Institusion
Institut Teknologi Bandung
Author
Satiafdi Hasibuan, Mhd.Managor (STUDENT ID : 12515047)
(LECTURER ID : 0028017301)
(LECTURER ID : 0002108207)
Subject
Datestamp
0000-00-00 00:00:00
Abstract :
Logam aluminium saat ini diperoleh dari bahan baku berupa alumina (Al2O3) yang
diolah melalui proses Hall Heroult. Alumina sendiri diperoleh dari bijih bauksit di
alam yang diolah melalui proses Bayer. Akan tetapi, proses Bayer menghasilkan
produk samping berupa red mud yang saat ini dianggap tidak ramah lingkungan dan
masih mengandung aluminium dengan jumlah yang cukup signifikan. Terdapat
proses lain yang dapat mengolah bauksit menjadi alumina, yaitu proses Pedersen.
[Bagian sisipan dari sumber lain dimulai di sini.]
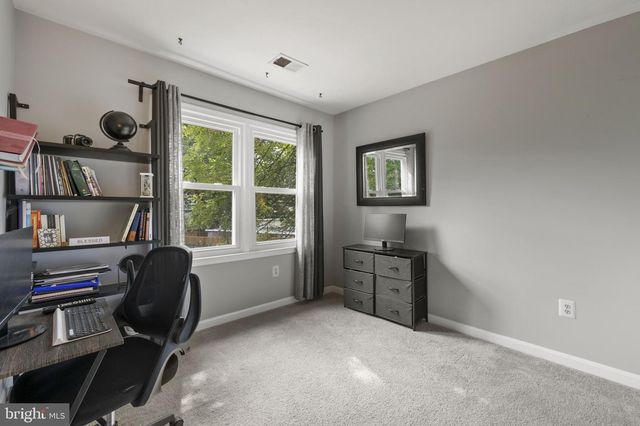 2017 SERPENTINE TER, Silver Spring, MD 20904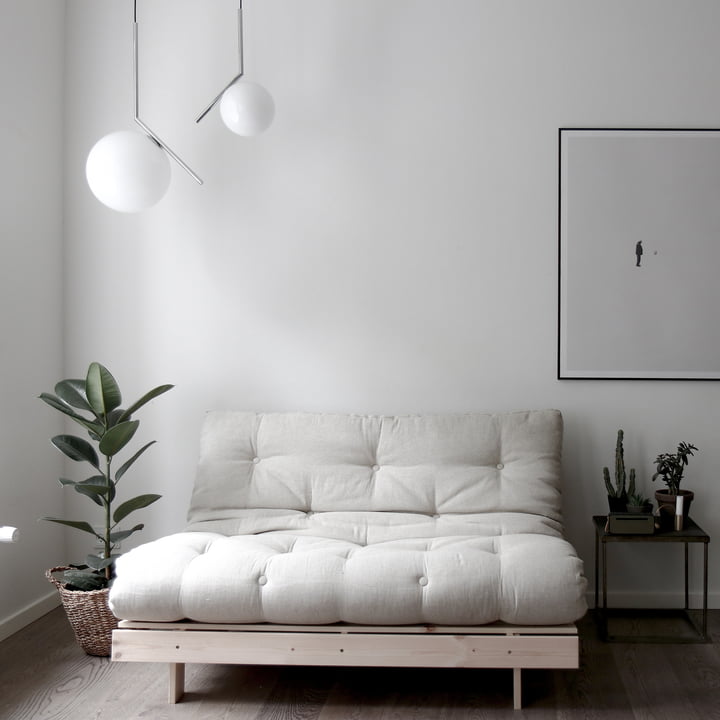 Das Roots Schlafsofa von Karup Design in einem minimalistischen Raum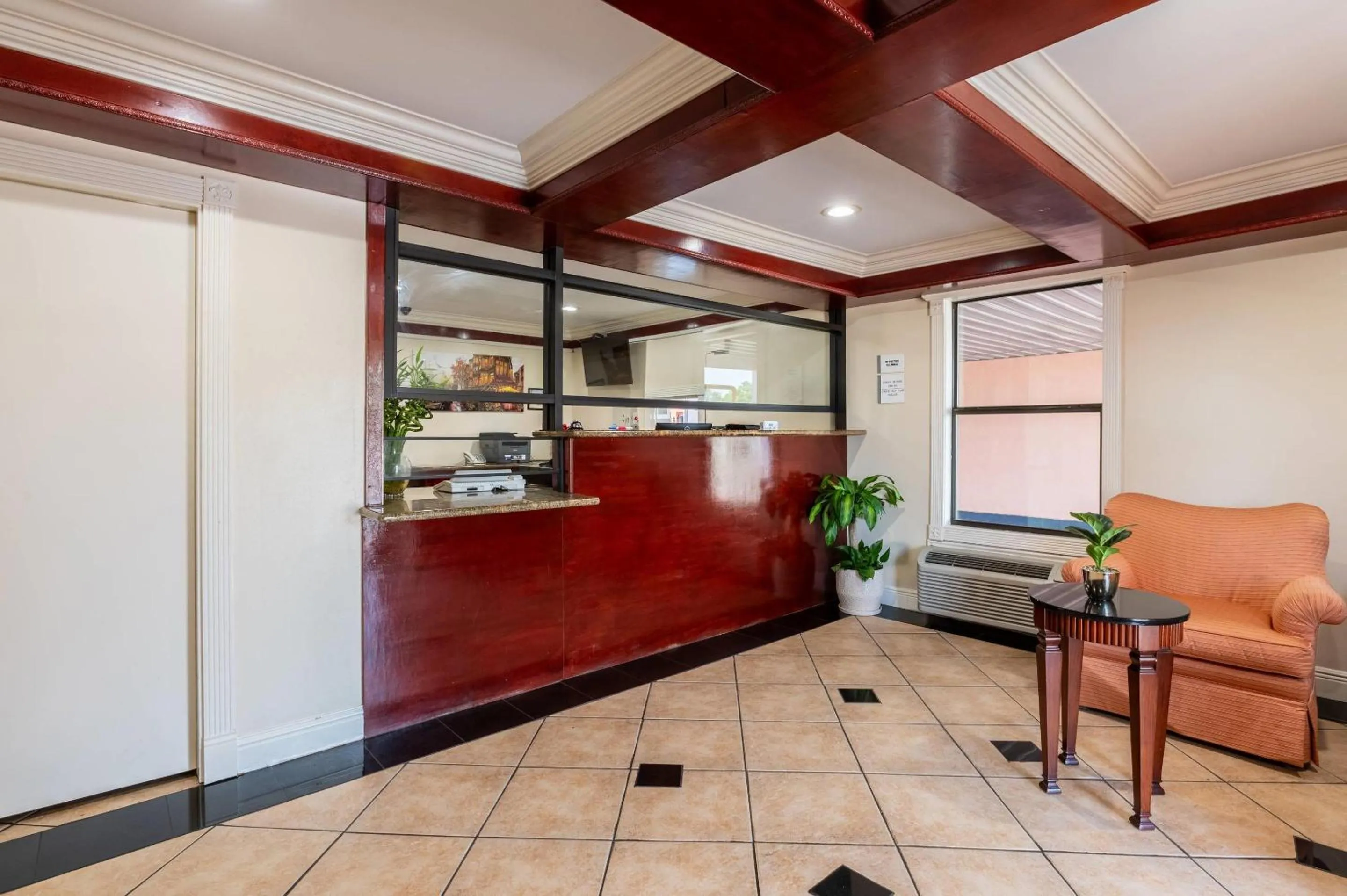 Lobby or reception in Rodeway Inn & Suites New Orleans East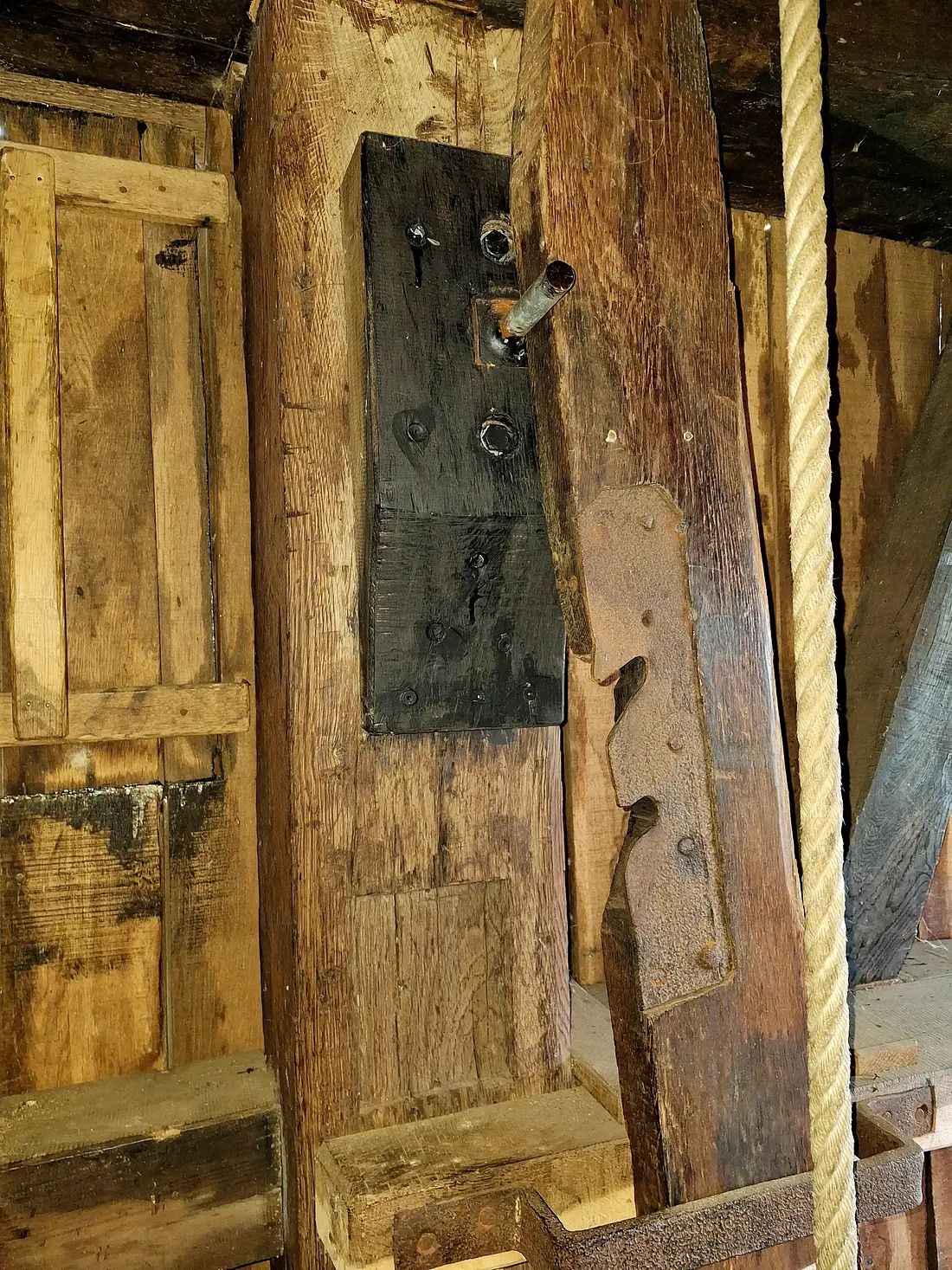 18, Molen 11458 Wissink's Möl (Enschede), Jay Verkerk (17-01-2026)Een "omgekeerde vanghaak". Het hout met de haken zit aan de vangbalk bevestigd. Aan de kroonstijl zit een pin, deze zit normaliter aan de vangbalk.&nbsp; | Database Nederlandse molens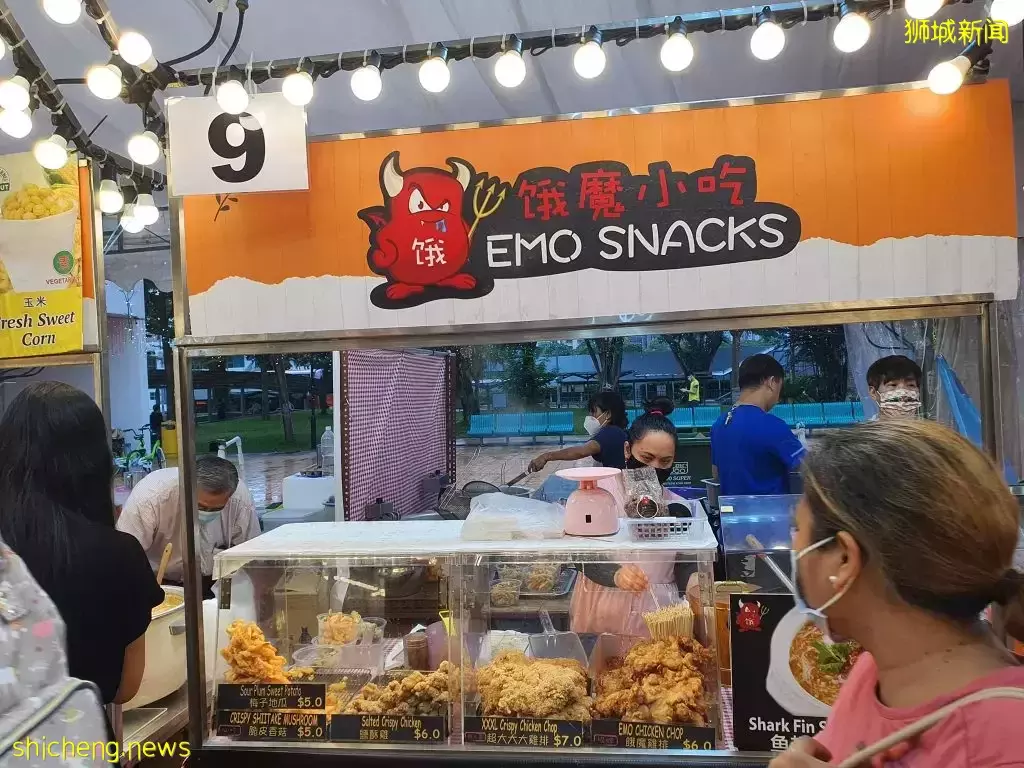 大巴窑的居民看过来!Courts前面的夜市已开始了~近40个摊位打造美食街,吃喝玩乐全都有👍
Proses Pedersen digunakan sekitar 40 tahun oleh pabrik di Hoyanger, Norwegia.
Proses ini menggunakan kombinasi pirometalurgi dan hidrometalurgi. Pada tahap
pirometalurgi digunakan bahan imbuh CaO dan dihasilkan produk pig iron yang
digunakan sebagai bahan baku pembuatan baja. Sedangkan pada tahap
hidrometalurgi digunakan larutan Na2CO3 dan dihasilkan produk alumina serta
produk samping berupa grey mud yang dapat dimanfaatkan sebagai bahan baku
pembuatan semen. Namun, proses ini berhenti digunakan secara komersial pada
tahun 1969 karena alasan ekonomi. Hal ini disebabkan karena proses ini melibatkan
operasi peleburan pada temperatur tinggi, yakni di atas 1500°C. Selain itu, pada
masa tersebut masih tersedia bijih bauksit high grade yang lebih ekonomis untuk
diolah melalui proses Bayer dan red mud belum dianggap sebagai masalah yang
sangat serius. Cadangan bauksit high grade yang semakin menipis dan kesadaran
terhadap lingkungan yang semakin tinggi mendorong dilakukannya penelitian
untuk mencari alternatif proses pengolahan bauksit. Pada penelitian ini dilakukan
peninjauan kembali proses Pedersen melalui studi pengaruh masing-masing bahan
imbuh CaO dan Na2CO3 pada tahap reduksi peleburan (pirometalurgi) bauksit
terhadap produk logam yang dihasilkan.
Penelitian dilakukan melalui reaksi reduksi peleburan briket yang terbuat dari
campuran bauksit dan bahan imbuh menggunakan reduktor bed batubara di dalam
crucible yang dimasukkan ke dalam muffle furnace. Dosis CaO digunakan 0%,
25%, 50%, dan 75% (persentase terhadap berat bauksit) dan dosis Na2CO3
digunakan 40%, 85%, dan 130% (setara Na2O 25%, 50%, dan 75%). Pada setiap
dosis bahan imbuh dilakukan variasi temperatur operasi 1450°C, 1500°C, dan
1550°C serta setiap titik percobaan dilakukan triplo.
Hasil penelitian ini menunjukkan bahwa semakin banyak penambahan Na2CO3
maka logam yang dihasilkan semakin banyak. Sedangkan pada penambahan CaO
terdapat titik optimum, yaitu dengan dosis 50%. Penambahan Na2CO3
menghasilkan logam yang lebih banyak daripada penambahan CaO. Secara umum
penurunan temperatur operasi akan mengurangi jumlah logam yang dihasilkan.